Disaat sedang berusaha menyingkirkan batu itu. Tanpa mereka sadari, hiu yang berada jauh dari mereka sudah mendekat dan mencoba menerkam mereka semua.
GAR!!!!
Hiu itu mencoba menerkam salah satu dari mereka dengan mulutnya yang dipenuhi gigi tajam, untung mereka berhasil menghindar. Namun sayang, Manda mengalami luka yang cukup parah di bagian telapak tangan kirinya akibat serangan hiu tadi.
"Ssssh" ia mendesis kesakitan dan memegangi telapak tangannya yang terluka.
"Manda!" ucap kelima sahabatnya panik.
Manda pun menurutinya dan membalut tangannya.
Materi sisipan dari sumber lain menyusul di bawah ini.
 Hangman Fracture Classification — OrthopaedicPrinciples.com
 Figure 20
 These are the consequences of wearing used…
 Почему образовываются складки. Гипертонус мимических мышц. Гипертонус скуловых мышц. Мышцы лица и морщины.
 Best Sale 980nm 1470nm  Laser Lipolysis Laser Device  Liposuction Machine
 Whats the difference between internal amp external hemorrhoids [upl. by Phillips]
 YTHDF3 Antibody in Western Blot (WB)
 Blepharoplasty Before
"TOLONG!!!" ucap sang putri kembali.
"Hah!?" semua menoleh ke sumber suara.
"Oh iya, kita melupakan yang sedang kita tolong!" ujar Fikram menepuk jidatnya.
"Manda tetap disini bersama Ibu Albert, kami yang akan menolong gadis itu" ucap Dina.
"Ide bagus!" kata Nadia.
Jadi, mereka kembali menolong gadis setengah ikan itu sebelum hiu itu menyerang kembali, entah hilang kemana hiu itu, tetapi kondisi ini kesempatan bagi mereka untuk menyelamatkan gadis setengah ikan itu.
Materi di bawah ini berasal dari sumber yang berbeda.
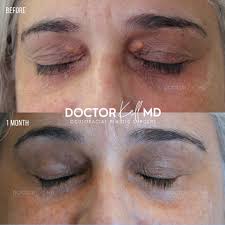 Image result for xanthelasma of eyelid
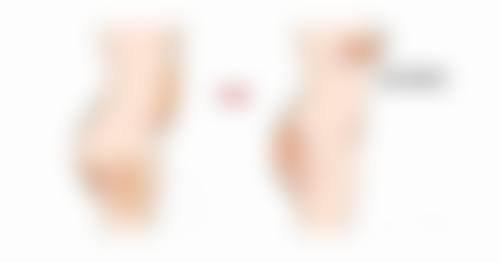 打过瘦脸针后1周内的注意事项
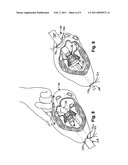 Heart valve prosthesis and method of implantation thereof diagram and image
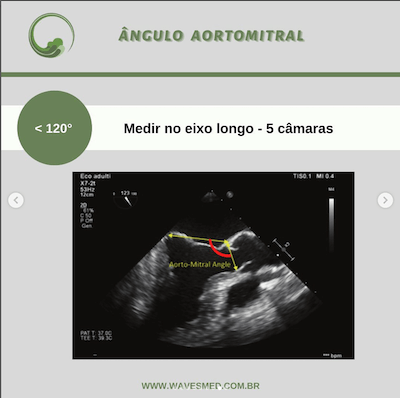 Ângulo aortomitral risco de sam após reparo valvar mitral wavesmed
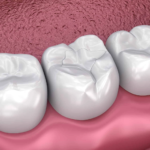 Restoring Your Smile Naturally with Tooth Coloured Filling in Parel Mumbai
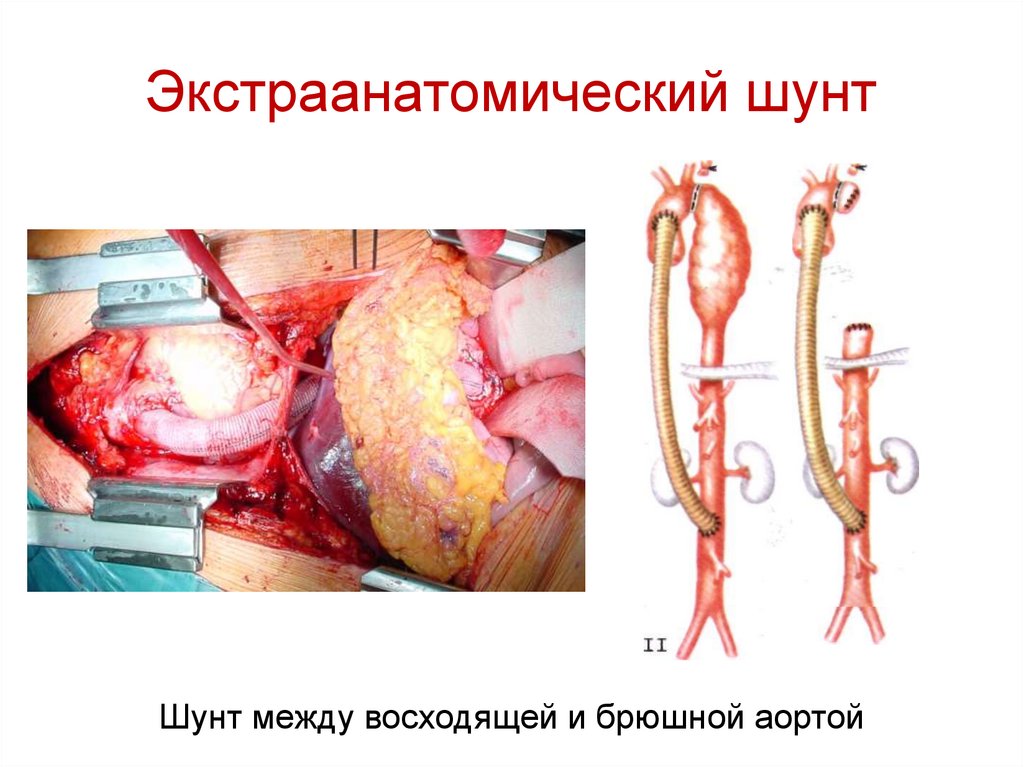 Экстраанатомический шунт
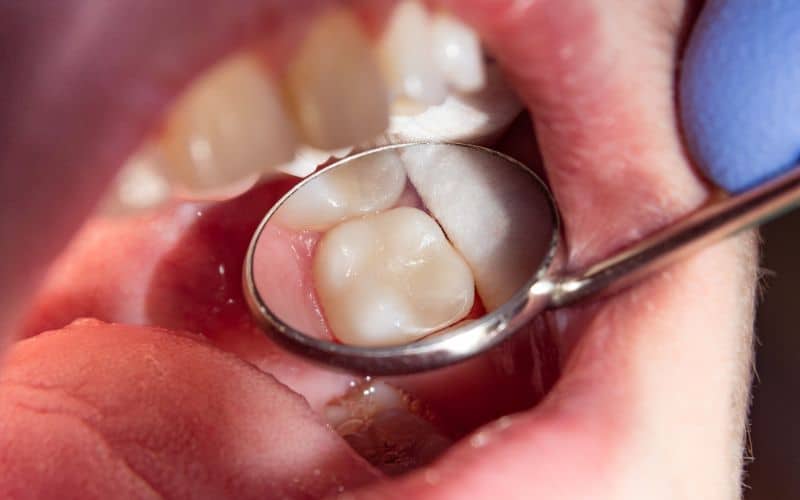 What Are the Benefits of White Fillings?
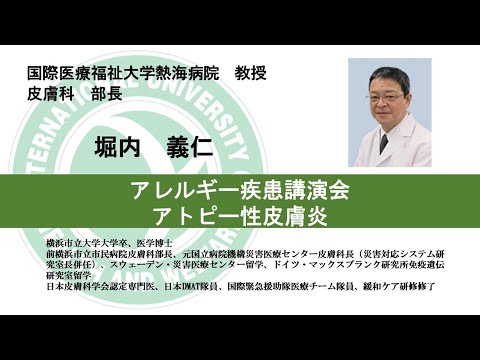 国際医療福祉大学熱海病院　オンライン健康講座「アトピー性皮膚炎」堀内義仁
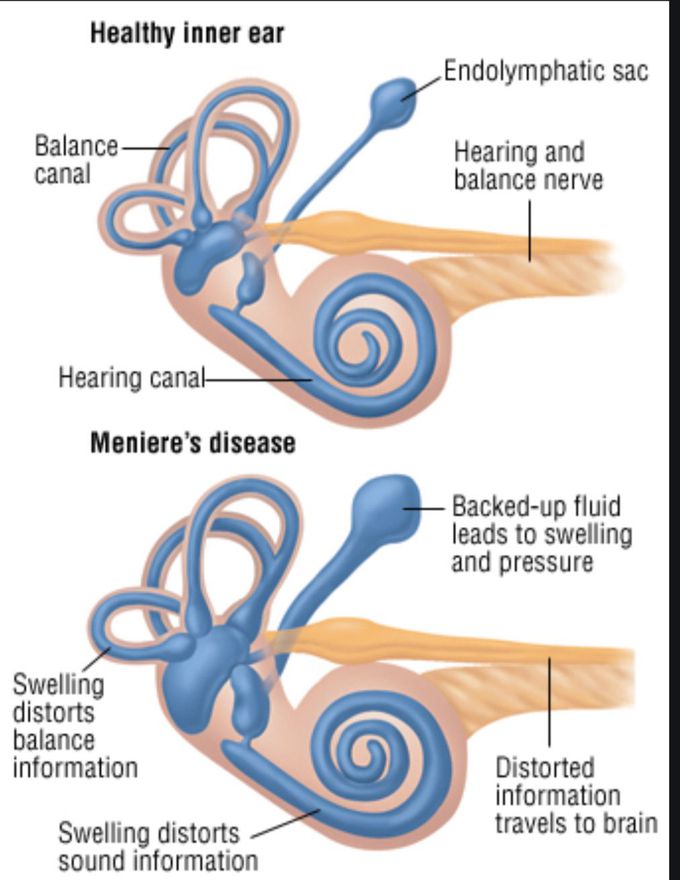 Meniere’s disease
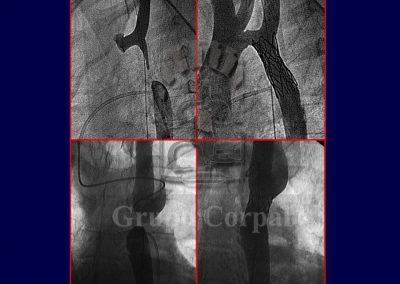 Implantación de stent en la coartación de aorta imagen 2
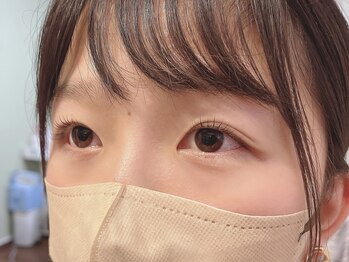 リアアイ(li`a eye)/Rush lift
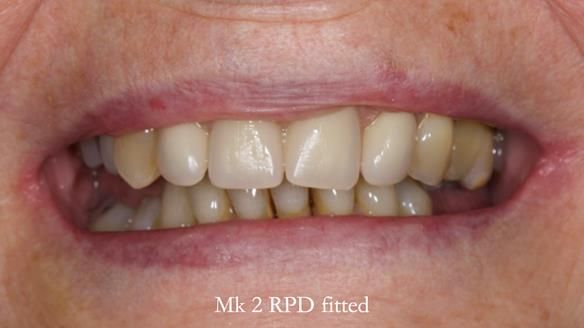 Newsletter 71 Jean’s Class I Mod III RPD: See my mistakes Fractured Mk1 to a Stronger Mk2 RPD (4 years on)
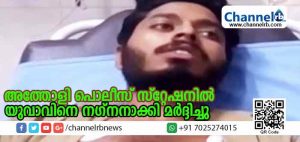 Read more about the article സംസ്ഥാനത്ത് വീണ്ടും മൂന്നാംമുറ; കോഴിക്കോട് അത്തോളി പൊലീസ് സ്റ്റേഷനില്‍ യുവാവിനെ നഗ്നനാക്കി മര്‍ദ്ദിച്ചതായി പരാതി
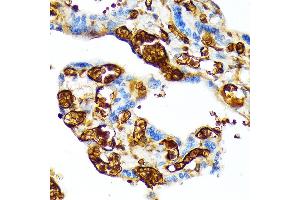 Immunohistochemistry of paraffin-embedded human placenta using HBG1 Rabbit mAb (ABIN1679149, ABIN1679148, ABIN7101336 and ABIN7101337) at dilution of 1:100 (40x lens). (HBG1/2 抗体)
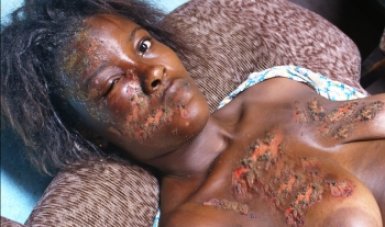 Kolda : une femme ébouillantée décède à Médina Moctar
Sementara, kain yang membalut tangan Manda sudah bisa menghentikan darah Manda keluar dan menyebar di air. Namun, tetap saja ada setetes darah yang menyebar di air dan akhirnya menusuk penciuman sang hiu.
"Dorong!!" ujar mereka.
Perlahan namun pasti, hiu itu mendekat ke arah Manda dan Ibu Albert secara perlahan.
"GRRRR!!"
Manda mendengar suara aneh.
"Seperti ada suara" batin Manda.
"GRRR!!"
Manda celingukan mencari dari mana datangnya suara itu, hingga ia melihat bayangan ikan besar, sekilas yang ia pikir hanya ikan biasa dan bukannya hiu, tetapi lama kelamaan...
"GAARRR!!"
Hiu itu mencoba menerkam Manda lagi, tentu Manda kaget bukan main. Untung saja ia berhasil menghindar dengan cara jatuh tersungkur, kalau tidak...
"Hah!?"
Di saat mereka sedang berusaha keras mendorong batu itu mereka mendengar suara gaduh sehingga membuat mereka menoleh.
Ibu Albert yang melihat situasi ini segera menarik tangan Manda untuk pergi dari situ, "Ayo, ikut aku" ucapnya menarik tangan Manda.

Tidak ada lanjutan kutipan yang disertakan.